Thursday, December 20, 2018

The Rowley administration in Trinidad & Tobago, complaining that the country has been in an “analysis paralysis”, on Tuesday announced plans to introduce legislation to decriminalize the use of marijuana for medicinal purposes.

Attorney General Faris Al-Rawi told the Senate that the time had come to debate the issue, as several Caribbean countries have been contemplating legalising the drug for medical and recreational purposes.

He told legislators that the administration would seek to introduce legislation during the first half of 2019.

“It is anticipated that the legislation to address the issue of the decriminalization of marijuana should be laid and dealt with in this House in the period of the first half of 2019,” Al-Rawi told the Senate as he responded to a question from the Opposition Chief Whip Wade Mark.

“We have already begun consultation with the stakeholders and upon having their feedback we intend to hold public events to encourage a wider form of consultation on an issue which has been around long enough” he added. Al-Rawi said that among the stakeholders were members of the medical and legal profession, adding, “we have written about 100 entities and we have received umpteen replies.”

Last week, St Vincent & the Grenadines became the latest Caribbean country to approve legislation to decriminalize marijuana for medicinal and recreational purposes, and last month, Dominica began a national consultation on the issue.

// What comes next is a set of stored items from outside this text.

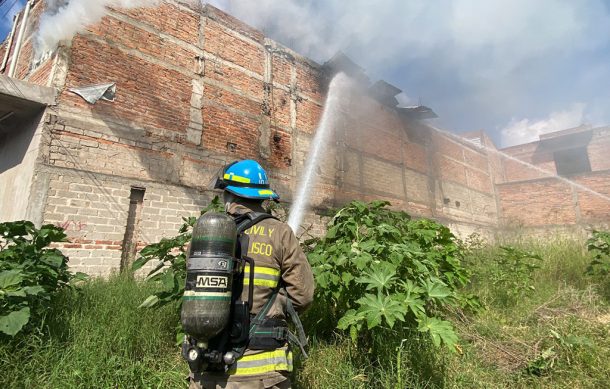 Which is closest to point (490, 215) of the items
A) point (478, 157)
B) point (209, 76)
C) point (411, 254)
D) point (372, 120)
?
point (478, 157)

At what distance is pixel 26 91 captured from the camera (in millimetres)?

The chairperson of the Caribbean Community (CARICOM) Commission on Marijuana, Professor Rose-Marie Belle Antoine, who spoke at the Dominica consultation, called for a change in the region’s cannabis laws. She said following the commission’s two-and-a-half-year public consultation, she had now taken a firm position on the matter.

“I would say I was sitting on the fence, but I want to say upfront that now that the work has been finished and we prepared the report and sent it off to the CARICOM heads of government, I want to say emphatically that I am not sitting on the fence anymore, and after reviewing all of the evidence, looking at all of the laws, listening to people in the region, I am personally committed and quite clear in my mind that the law needs to change,” she said, adding that this change could be through legalisation or decriminalization.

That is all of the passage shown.